Problem requirements |
Each line below should be repeated exactly as written, with no pictures carried over.

Raw data |

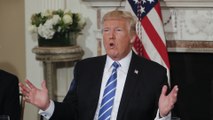 Watch Trump's full Aug. 11 comments on apprenticeships and North Korea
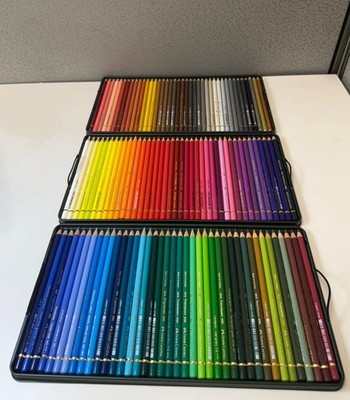 Faber Castell Polychromos Colour Pencils, 120 count | eBay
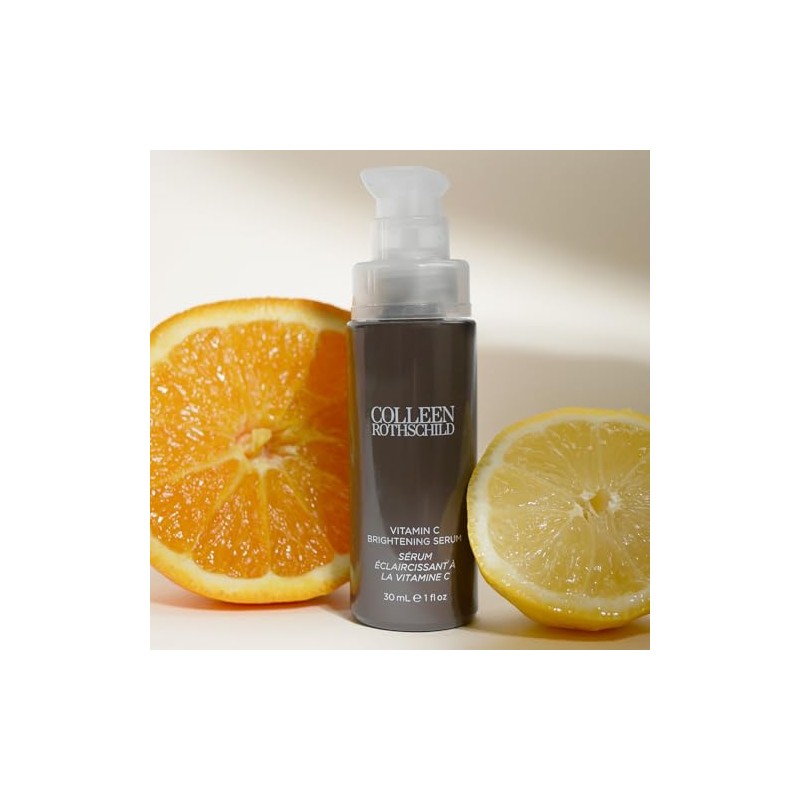 Suero iluminador con vitamina C Elaborado con un 15 de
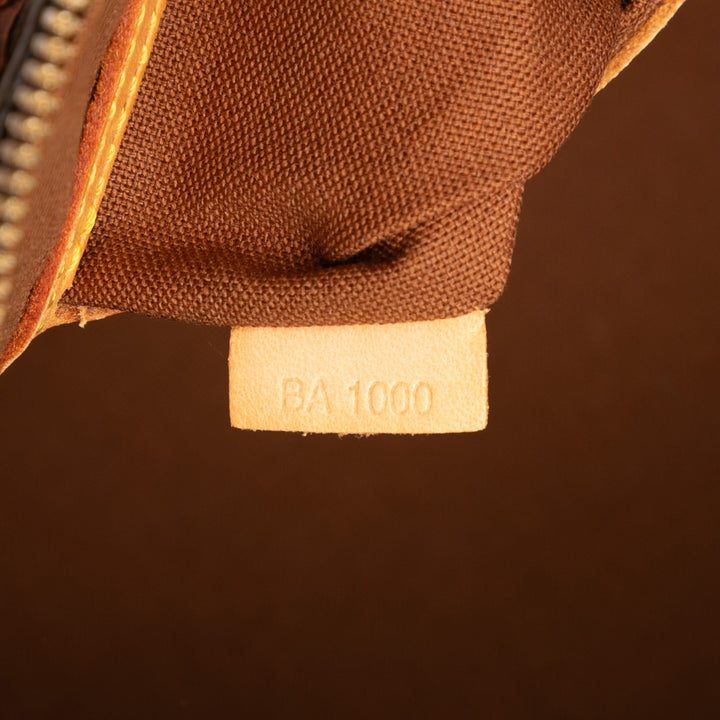 Louis Vuitton Monogram Alma PM Marron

Problem solution |
 Watch Trump's full Aug. 11 comments on apprenticeships and North Korea
 Faber Castell Polychromos Colour Pencils, 120 count | eBay
 Suero iluminador con vitamina C Elaborado con un 15 de
 Louis Vuitton Monogram Alma PM Marron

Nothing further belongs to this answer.